--- Source material ---
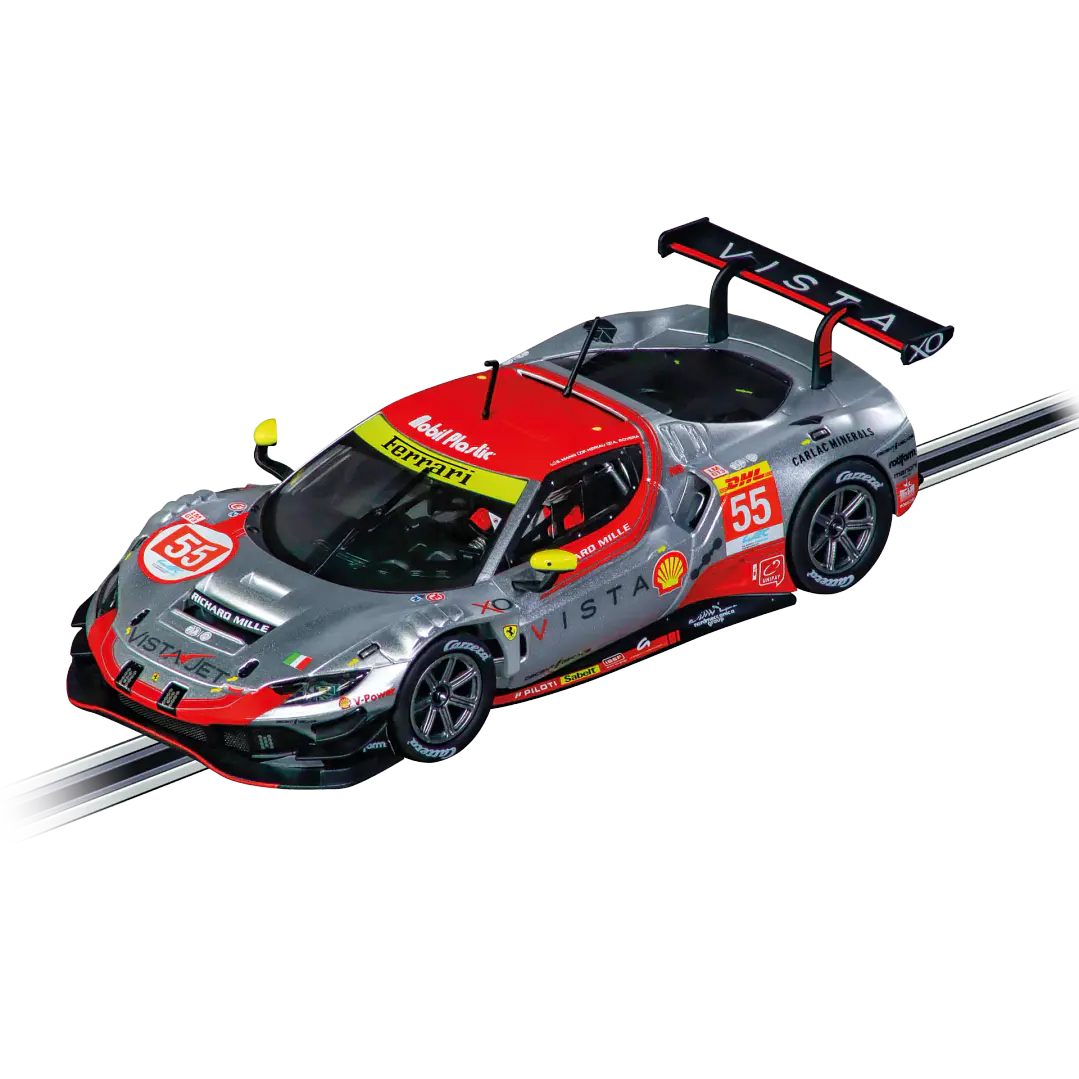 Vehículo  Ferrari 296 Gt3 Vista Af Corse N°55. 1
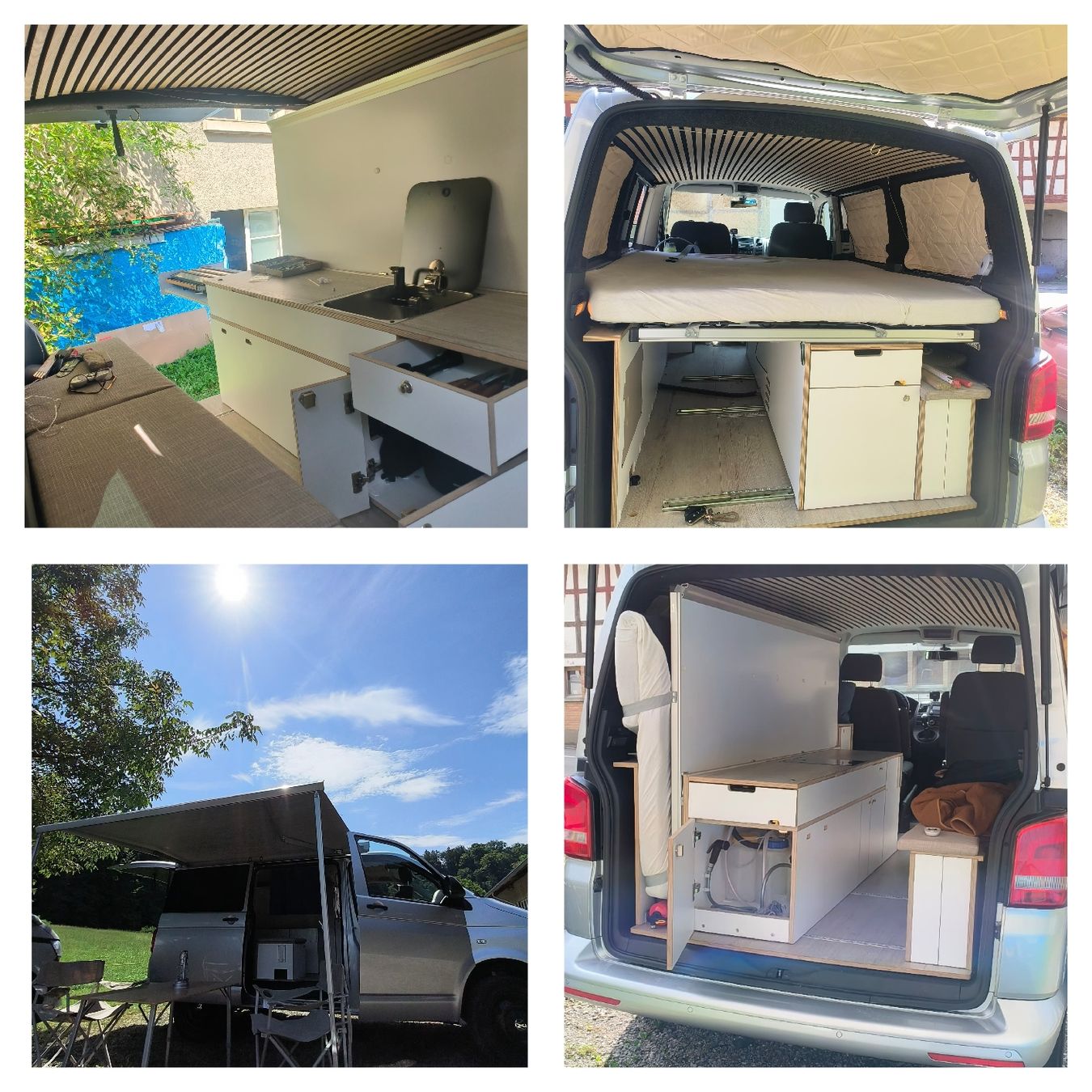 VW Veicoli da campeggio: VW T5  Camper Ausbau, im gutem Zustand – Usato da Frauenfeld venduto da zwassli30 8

...

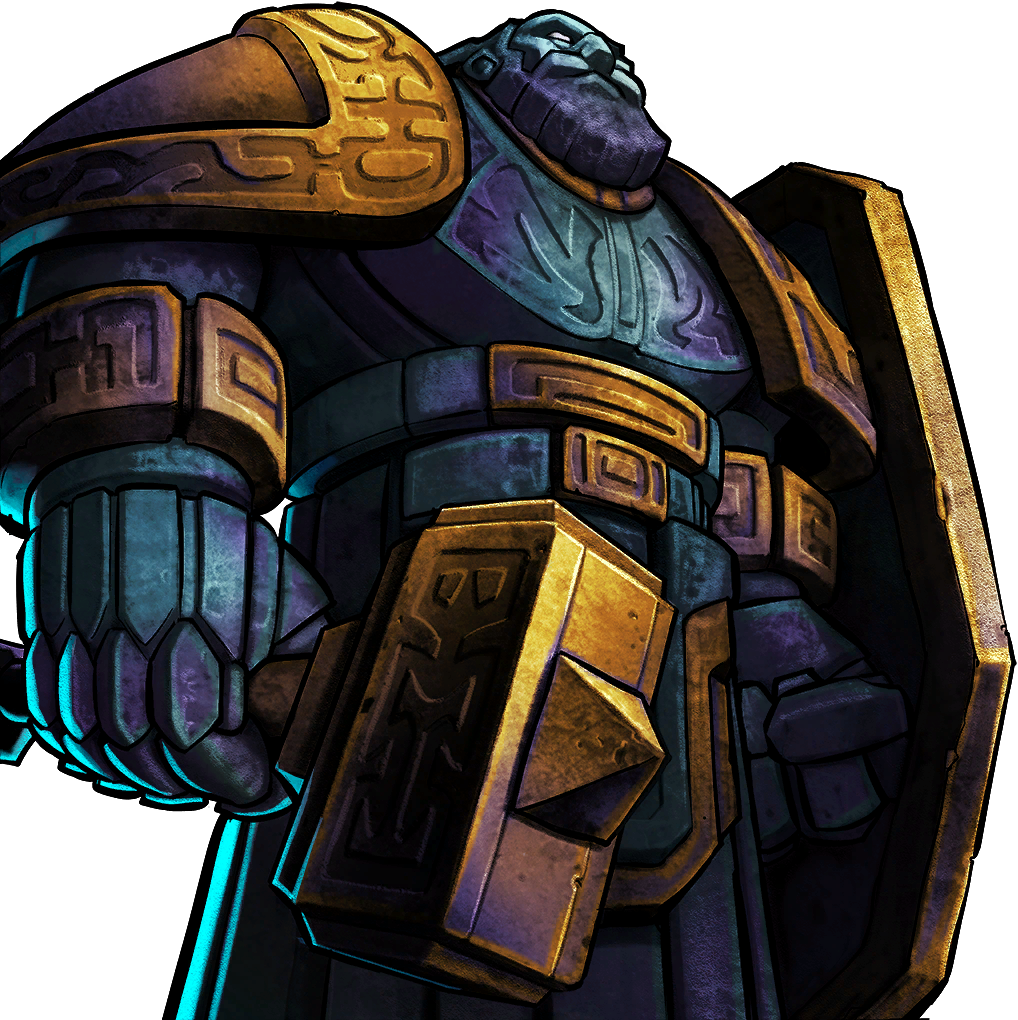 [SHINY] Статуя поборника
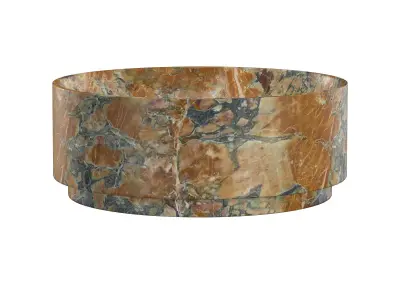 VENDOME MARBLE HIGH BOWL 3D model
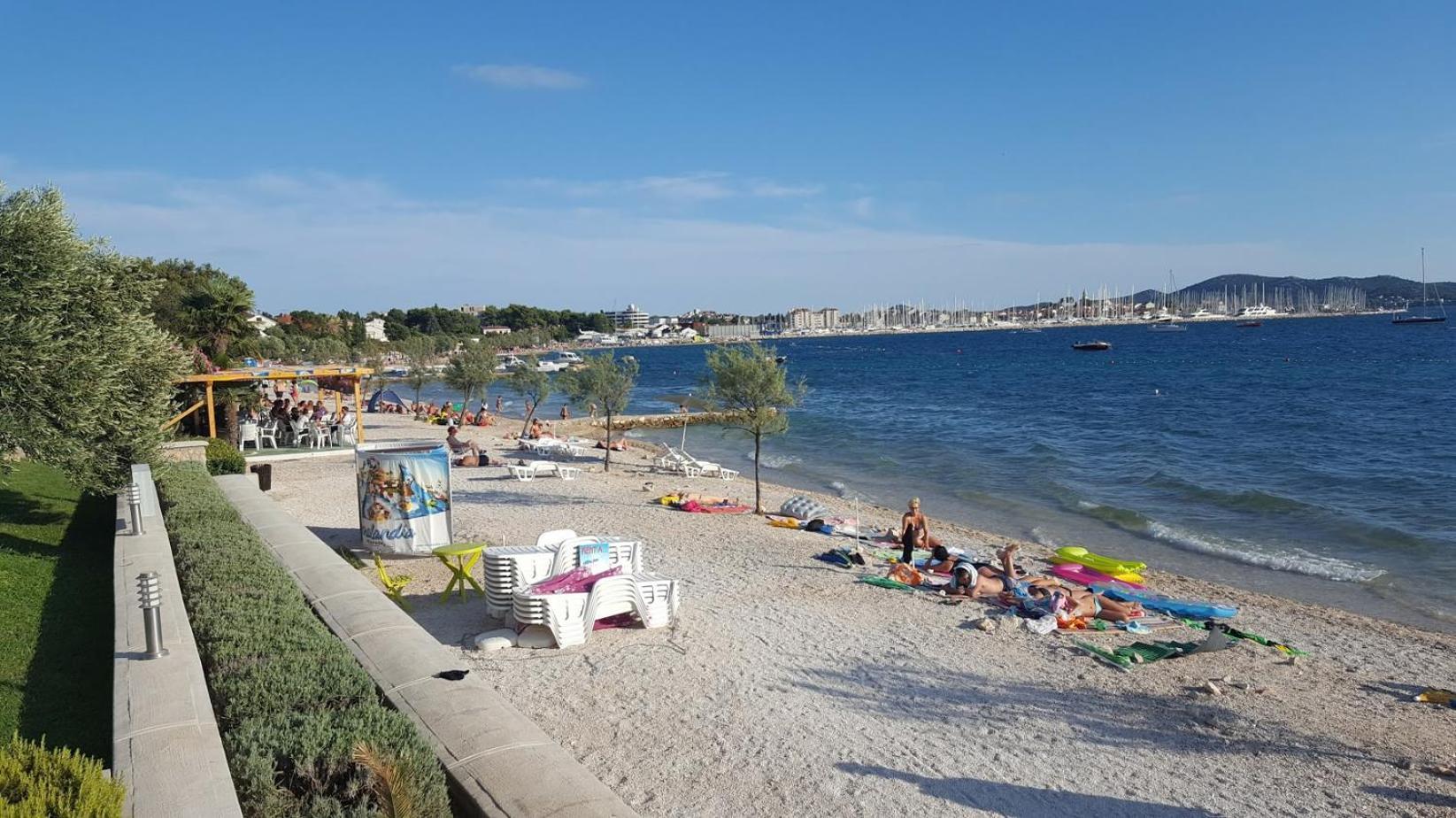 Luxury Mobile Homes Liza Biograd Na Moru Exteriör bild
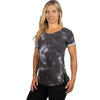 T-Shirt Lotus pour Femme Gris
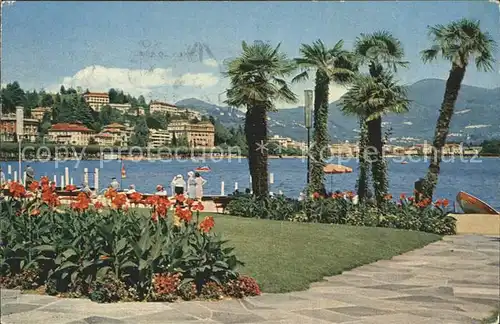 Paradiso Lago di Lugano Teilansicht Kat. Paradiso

--- What is expected ---
In the material above, which lines fall between the one holding "Corse N°55. 1" and the one holding "VW Veicoli da", inclusive? Print exactly those, with the pictures left out.

--- Finished exercise ---
 Vehículo  Ferrari 296 Gt3 Vista Af Corse N°55. 1
 VW Veicoli da campeggio: VW T5  Camper Ausbau, im gutem Zustand – Usato da Frauenfeld venduto da zwassli30 8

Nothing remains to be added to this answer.